> [HOW TO COMPLETE THIS TASK]: From the listing below, please restate exactly the lines beginning at the one with "A Chinese national" and ending at the one with "Dozens of retired", both included, and skip the pictures.

> [AVAILABLE RECORDS]:
-- Opening Marker --
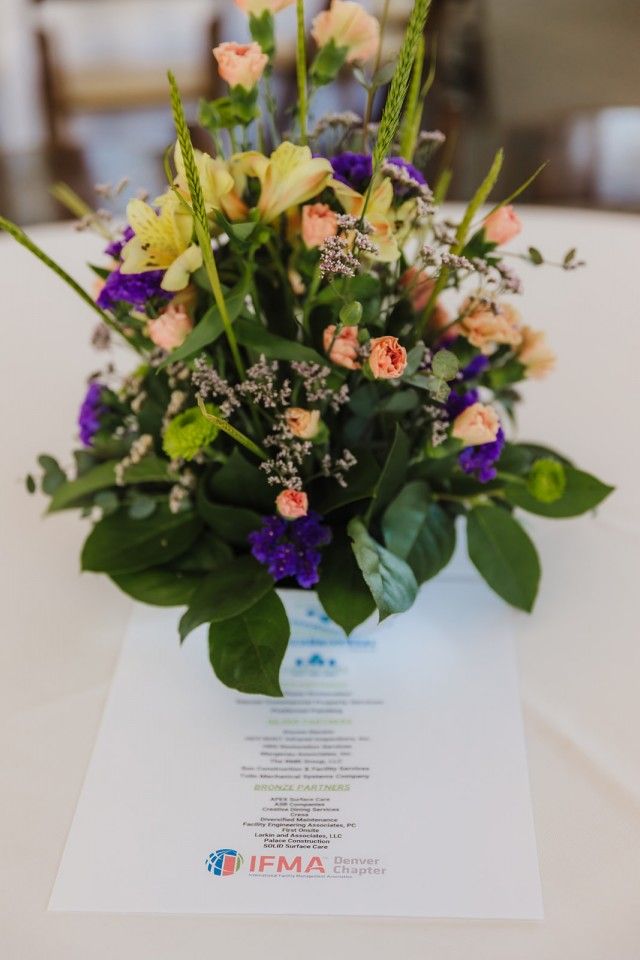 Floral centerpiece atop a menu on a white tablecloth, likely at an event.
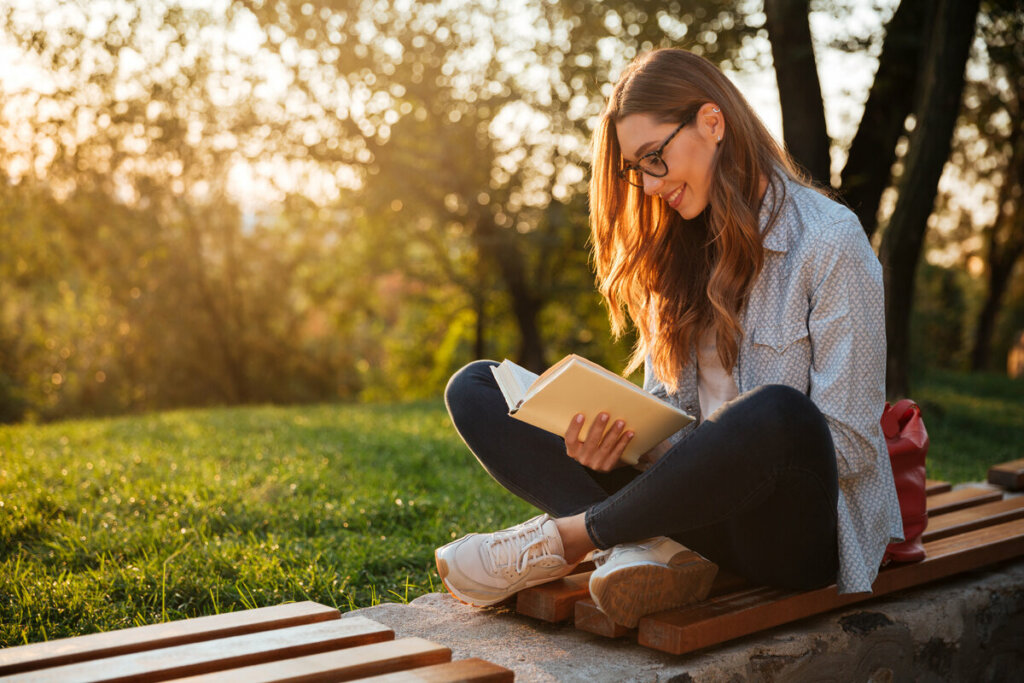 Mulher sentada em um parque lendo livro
-- Closing Marker --
-- Opening Marker --
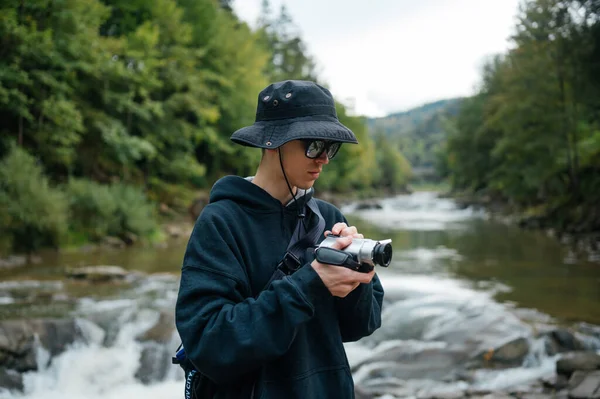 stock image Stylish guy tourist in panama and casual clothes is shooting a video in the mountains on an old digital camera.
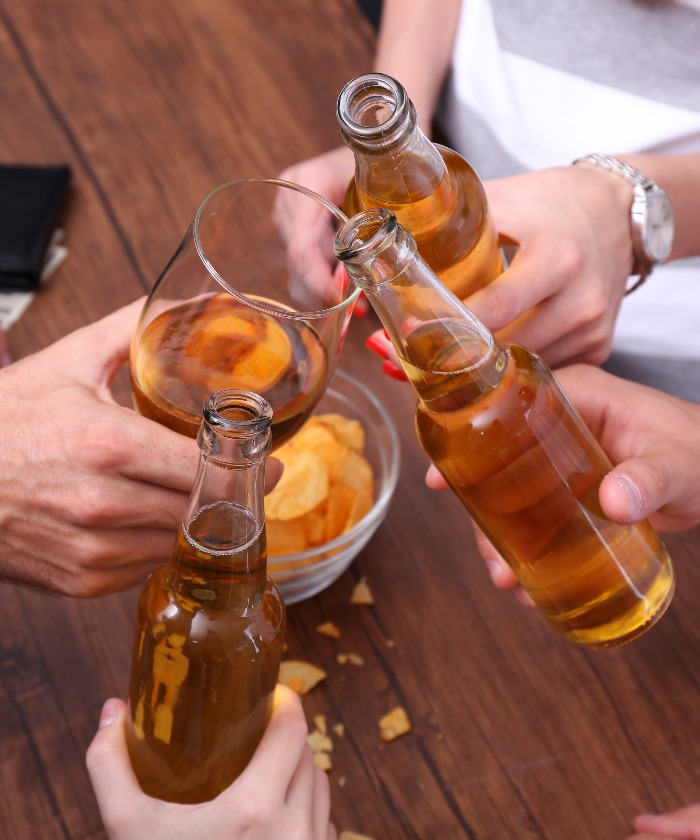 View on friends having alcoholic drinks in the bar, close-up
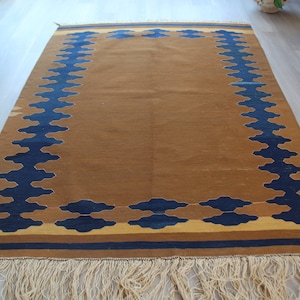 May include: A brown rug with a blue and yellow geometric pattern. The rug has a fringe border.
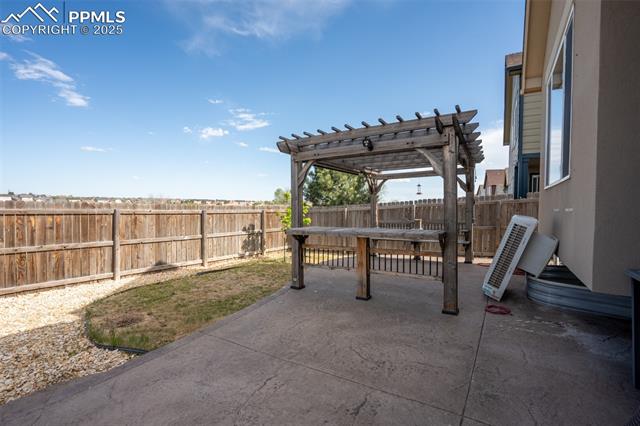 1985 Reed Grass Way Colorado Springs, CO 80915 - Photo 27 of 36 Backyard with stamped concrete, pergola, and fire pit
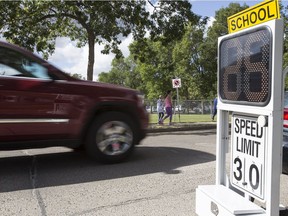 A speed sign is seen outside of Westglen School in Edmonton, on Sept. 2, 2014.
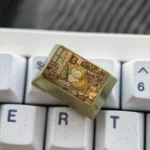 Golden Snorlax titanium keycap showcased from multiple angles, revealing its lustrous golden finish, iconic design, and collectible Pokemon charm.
-- Closing Marker --
-- Opening Marker --
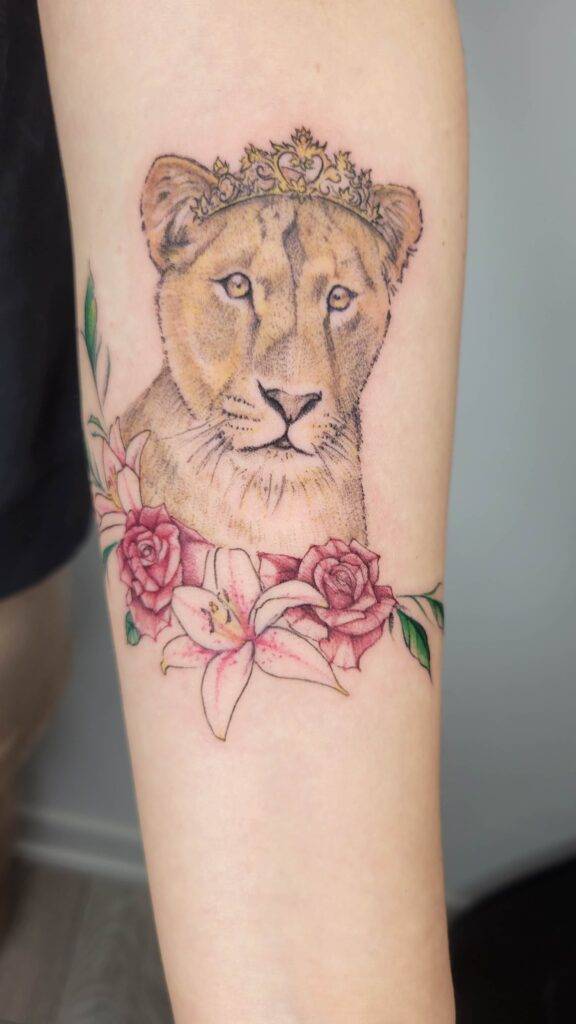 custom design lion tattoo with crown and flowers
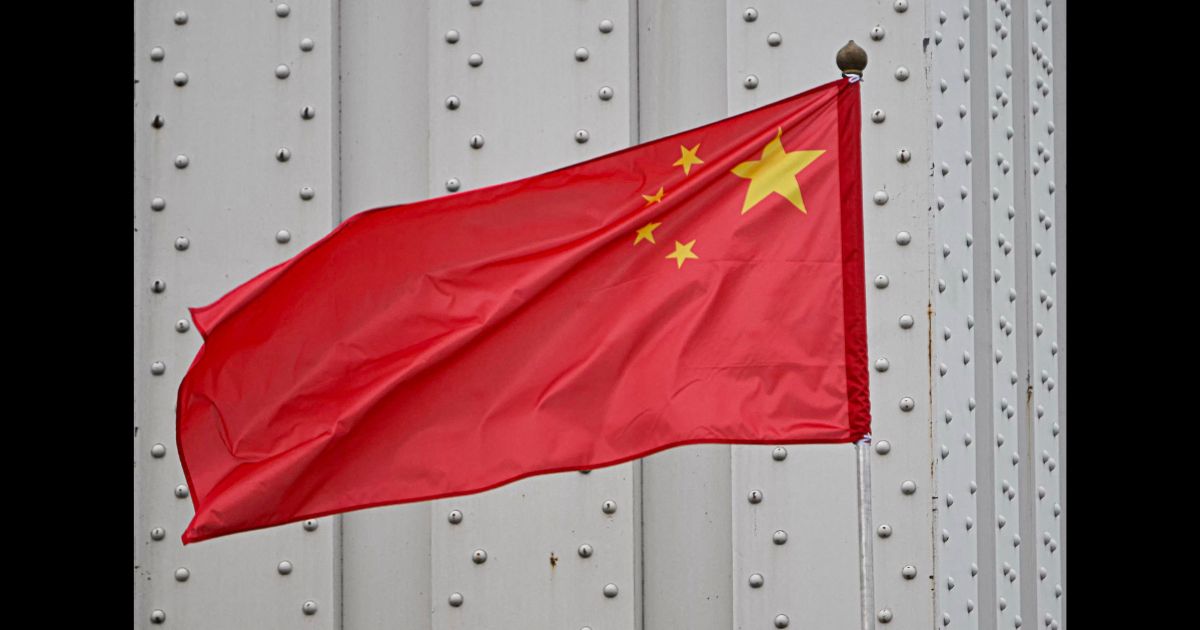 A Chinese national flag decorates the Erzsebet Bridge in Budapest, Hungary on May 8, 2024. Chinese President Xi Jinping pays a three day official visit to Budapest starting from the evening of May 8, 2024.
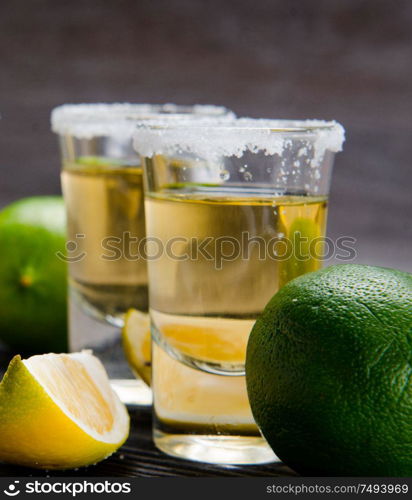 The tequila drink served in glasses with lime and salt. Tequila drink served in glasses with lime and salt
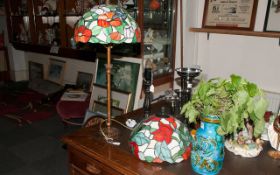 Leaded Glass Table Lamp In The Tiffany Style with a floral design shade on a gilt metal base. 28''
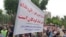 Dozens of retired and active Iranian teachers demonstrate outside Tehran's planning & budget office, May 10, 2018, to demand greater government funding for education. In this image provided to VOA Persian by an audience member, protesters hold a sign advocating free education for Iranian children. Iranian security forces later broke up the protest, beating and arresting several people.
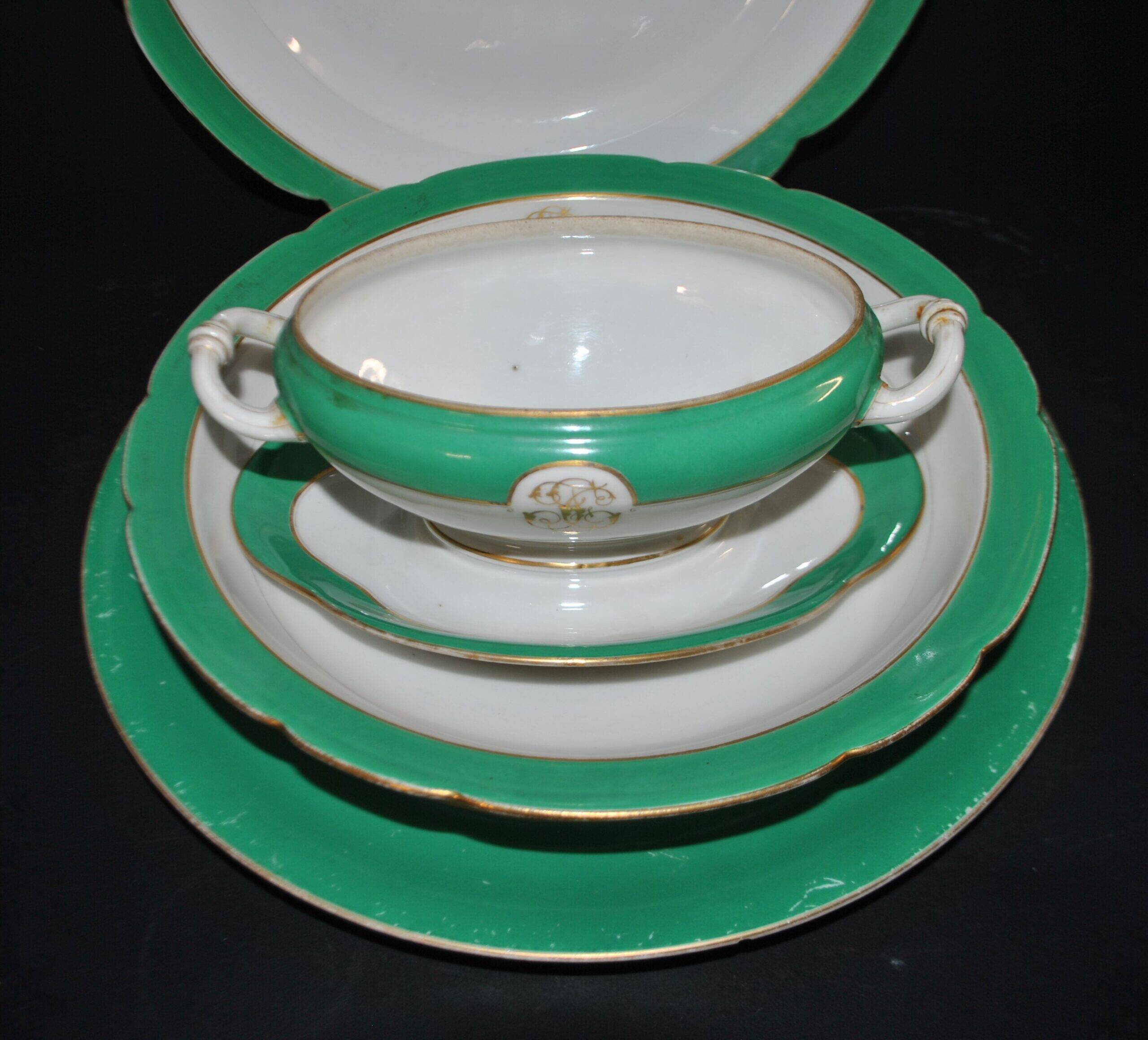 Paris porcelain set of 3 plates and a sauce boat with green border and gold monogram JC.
-- Closing Marker --
> [EXERCISE ANSWER]:
 A Chinese national flag decorates the Erzsebet Bridge in Budapest, Hungary on May 8, 2024. Chinese President Xi Jinping pays a three day official visit to Budapest starting from the evening of May 8, 2024.
 The tequila drink served in glasses with lime and salt. Tequila drink served in glasses with lime and salt
 Leaded Glass Table Lamp In The Tiffany Style with a floral design shade on a gilt metal base. 28''
 Dozens of retired and active Iranian teachers demonstrate outside Tehran's planning & budget office, May 10, 2018, to demand greater government funding for education. In this image provided to VOA Persian by an audience member, protesters hold a sign advocating free education for Iranian children. Iranian security forces later broke up the protest, beating and arresting several people.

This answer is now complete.